Editor.newOutputStream(index) will create a dirty file(temporary file with temp extension in the form in the form directory/key/.index.tmp) and returns an OutputStream to that location. The dirty file is later changed to a clean file with proper operation once successful edit to this Entry has been done.

Now we have to commit this edit so that other readers can use it and another edit can be possible over this key. So editor.commit() command makes this possible. In commit(), the dirty file which was created earlier is renamed to a clean file(in the form directory/key/.index) and if any error occurs in this process, the edit is aborted (editor.abort()) and the dirty file is deleted. After the commit is done, a journal entry for CLEAN is made and that Entry is marked as readable(any Entry which has been created will be readable once its published).

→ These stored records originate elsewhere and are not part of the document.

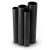 HDPE Pipes PE 80 Pressure 4 Bar Diameter 800 mm Thickness 24.5 mm Black - Image 1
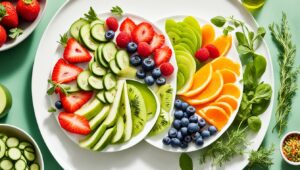 makanan sehat dan rendah kalori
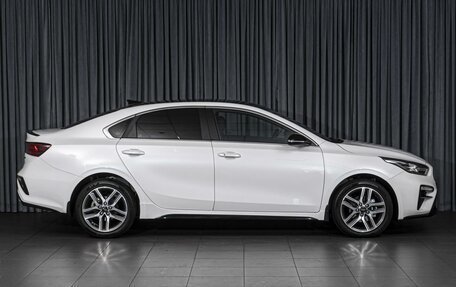 KIA Cerato IV, 2021 год, 2 439 000 рублей, 5 фотография
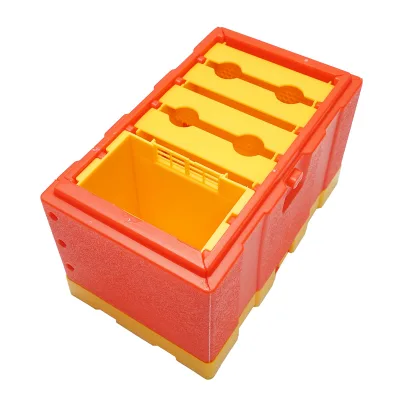 Nucleo per accoppiamento in plastica 250x150x170 mm - immagine 4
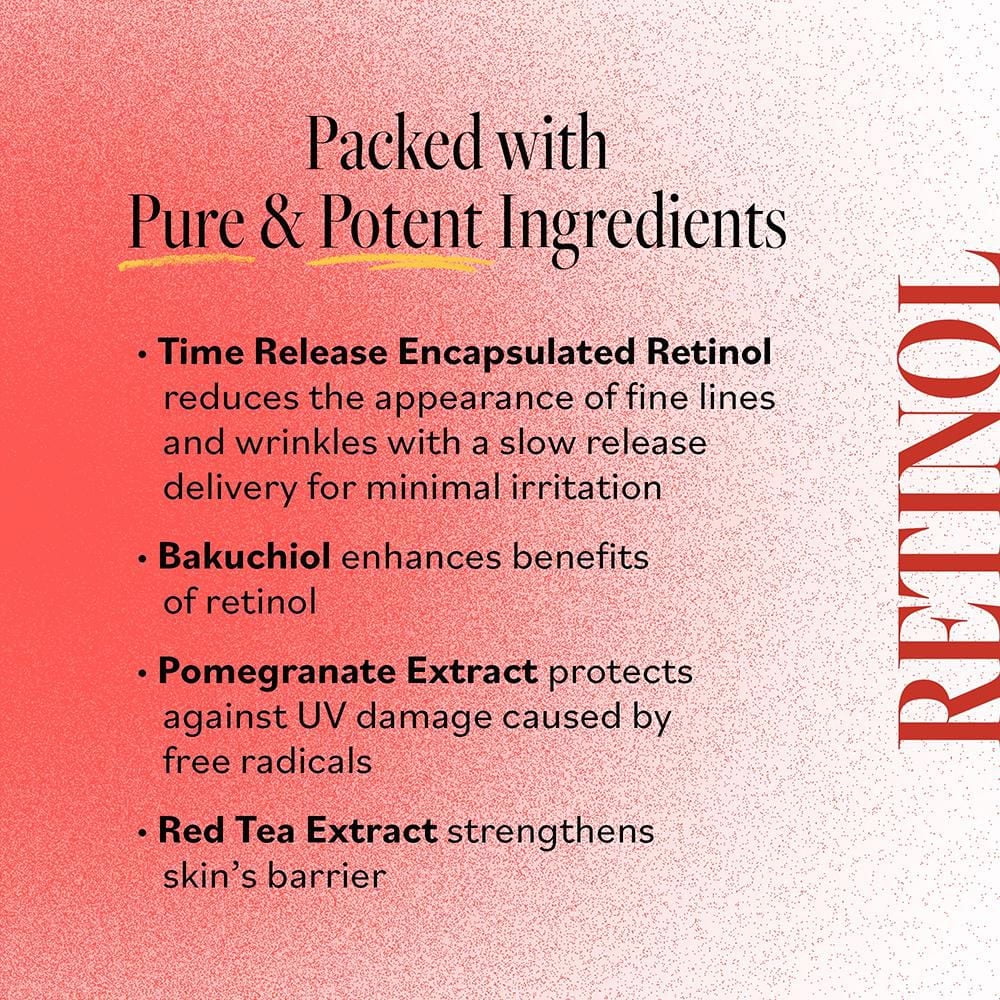 Derma E Sérum Concentré au Rétinol
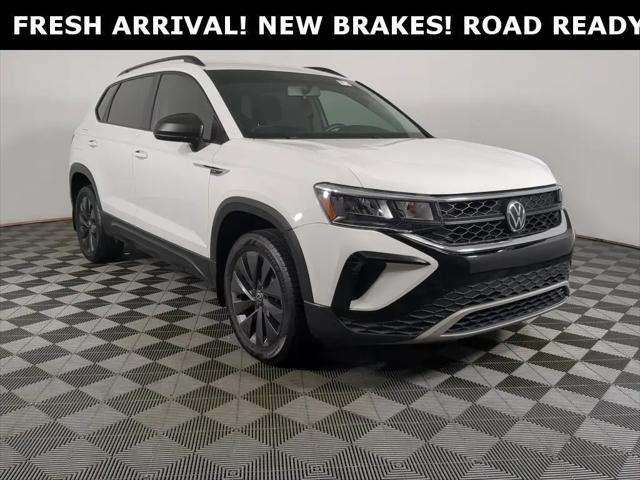 2022 Volkswagen Taos 1.5T S for sale in Champaign, IL
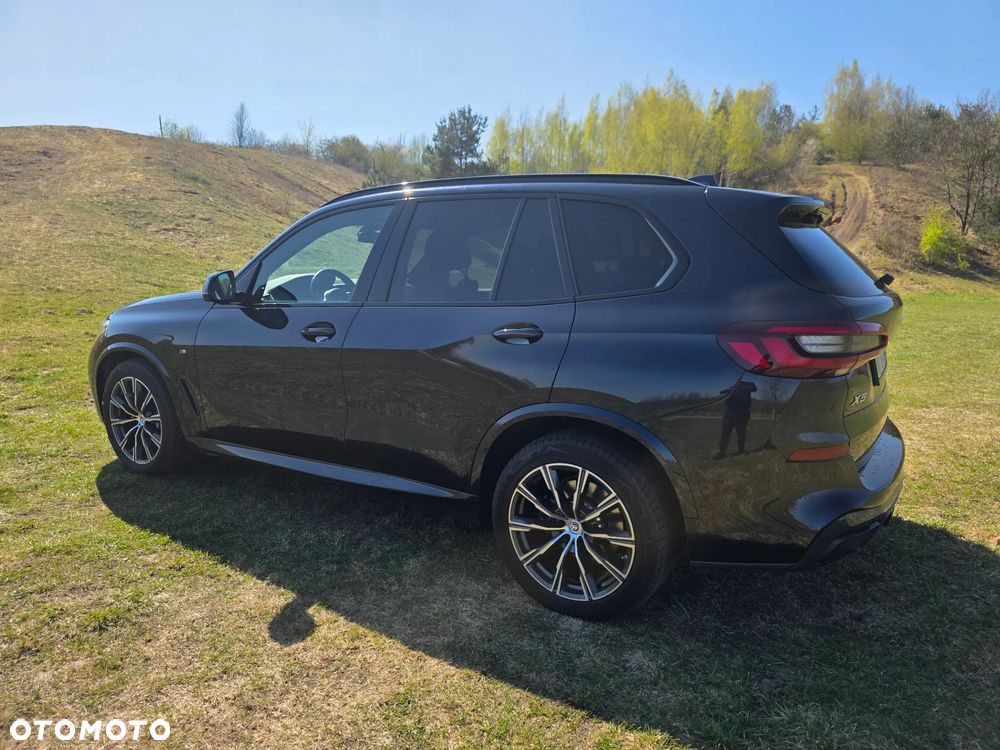 BMW X5 xDrive30d mHEV sport - 2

journalWriter.write(CLEAN + ' ' + entry.key + entry.getLengths() + '\n');

While writing into the cache, if something goes wrong in the edit() or commit() process, or any of the steps throw an IOException, then we can abort the edit using editor.abort(). This will any dirty file created in the process and will also append a REMOVE operation for it, since we ought to have a REMOVE or CLEAN entry in the journal file for a corresponding DIRTY entry.

Getting data from cache

We get the data from cache in the form of a Snapshot object. DiskLruCache offers a get(key) method for this. So if we want to get any of the data stored at key, we do

DiskLruCache.Snapshot snapshot = snapshot = mDiskCache.get(key);

As discussed above, the Snapshot object contains an array of InputStreams and these are streams to the files at the respective indices. So we will get the stream and convert it into a BufferedStream in the following way. Here, i am getting the File at index zero of this Entry.

InputStream in = snapshot.getInputStream(0);
BufferedInputStream buffIn = new BufferedInputStream(in, bufferSize);

Once the data has been read, all the streams can be closed using snapshot.close() and a entry is made in the journal file for a successful read.

journalWriter.append(READ + ' ' + key + '\n');

Closing the cache

After everything has been done, the cache can be closed using cache.close(). This operation will check that if there are any ongoing edits in progress( currentEdtior!=null for an Entry), and if there are, it will abort them(edior.abort()). Also, the journalWriter is closed, so that nothing more can now be written onto the journal file.

There are many implementations of DiskLruCache available online. One of those implementations is in Google samples itself here.